“The voting machine is not a big problem,” said a confident Salomon Bagheni, a resident of the town of Beni in the Democratic Republic of Congo. “The essential thing is holding the elections on Dec. 23 to bring new leadership to this country.”
By “new leadership,” Bagheni meant a new head of state after 18 years of one man rule. President Joseph Kabila – the dominating figure of Congolese politics – had defied the constitutionally allowed limit of two 5 year terms and appeared set to remain in power. Opposition by civil and human rights groups finally pushed him to promise free elections which critics are observing cautiously.
The Kabila years were marked by incessant conflict, lethal crackdowns on pro-democracy activists, rape used as a weapon of war, theft and corruption that the government acknowledges accounted for a loss of billions of dollars of national income, according to Human Rights Watch. The N.Y.-based group further found that 500 opposition supporters were killed and 1,000 were arrested during the two years since Kabila’s election.
With the recent burning of some 7,000 voting machines in an election commission warehouse in Kinshasa, new fears have been sparked that President Kabila will pull strings so that his handpicked candidate, Emmanuel Ramazani Shadary, will take over. Two popular candidates of the opposition have already been stripped of their eligibility to run. This has disappointed the European Union which has imposed sanctions on Shadary over violent crackdowns on protests and repeated delays to the election.
The new voting machines were made by a South Korean company and were said to be easy to jerry-rig.
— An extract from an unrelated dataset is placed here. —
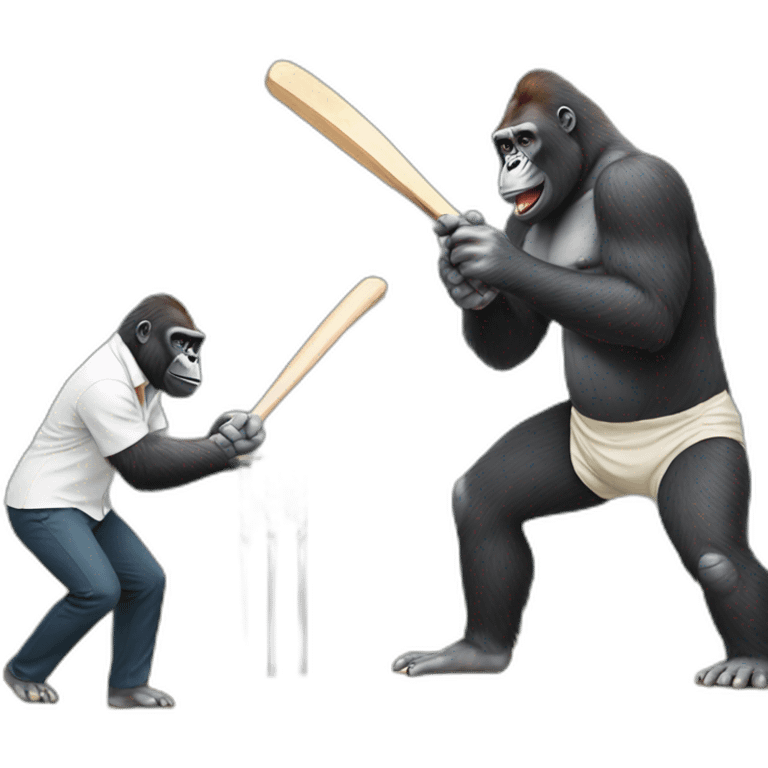 Gorilla Playing cricket with Modi emoji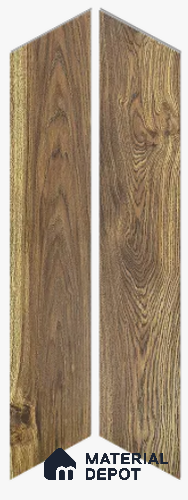 Wood Floor Tile TL 12549 Chevron Jacobean 3 ft x 6 inch Matte Finish Vitrified Tile - 9 mm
They could also pose a technical nightmare in a nation of more than 40 million voters where just 9 percent of Congo has electricity and dozens of rebel groups are active.
“We cannot accept people inventing stories that trample our constitution,” said Clovis Mutsuva, a Beni resident with the LUCHA activist organization.
Meanwhile, some 21,000 facilitators are being trained to use the new voting machines which will be introduced in cities, remote towns, Bantu communities and places like Beni that are essentially war zones.